The wine that doesn't travel....

Today The Guardian ran a story on what to do with the kind of holiday booze that tastes great in its country of origin, but when you bring a bottle home in an attempt to recreate the exotic atmosphere of your trip, it just makes you feel sick and ends up taking up space at the back of a cupboard for years. Personally I've never suffered from this problem, and any bottle of cachaca, Thai whisky or slivovitz that's made it home with us has been consumed with relative enthusiasm and speed. (There was some caraway aqvavit that outstayed its welcome once, but that came from Ikea in Hillington so I'm not sure it qualifies.) Anyway, the story reminded me of this recipe for pigeon cooked with patxaran, so here it is.

Incidentally patxaran (that's the Basque spelling; it's pacharan in Spanish) is a digestif made by macerating sloes in anis - it's not unlike sloe gin. Served over plenty of ice, it tastes like cough medicine and soothes an over-worked tummy a treat. I should have had some to alleviate the food-poisoning I contracted in Chester last weekend, but that's another story.
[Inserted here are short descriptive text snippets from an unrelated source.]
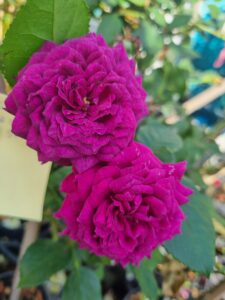 Two vibrant magenta Rose 'Ebb Tide' 3ft Standard blooms with densely layered petals stand side by side against lush green foliage.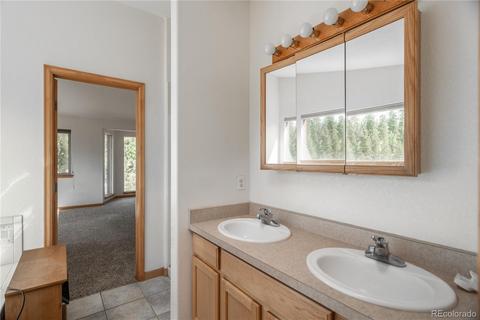 56 Highland End, Bailey, CO 80421 photo 15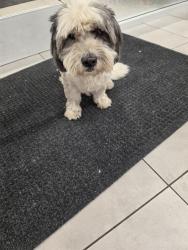 Found/Stray Male Dog last seen San Fernando Road, Los Angeles, CA 91342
Ingredients: 4 whole pigeons or 12 pigeon breasts, 2 onions, 4 cloves of garlic, 2 ripe tomatoes, skinned, ½l meat stock or water, ¼l patxarán. Oil, salt & pepper
Preparation: Heat the oil in a casserole and sauté the onion until transparent. Brown the pigeons or breasts slightly with the onion, add the garlic cloves, flambé with the patxarán, crush and add the tomatoes and add the meat stock or water. Cover and simmer gently for around 20 minutes for whole birds (ten for breasts) then check to see if they're done to your liking. Check seasoning and serve with a green salad and some kind of potatoes, maybe mashed.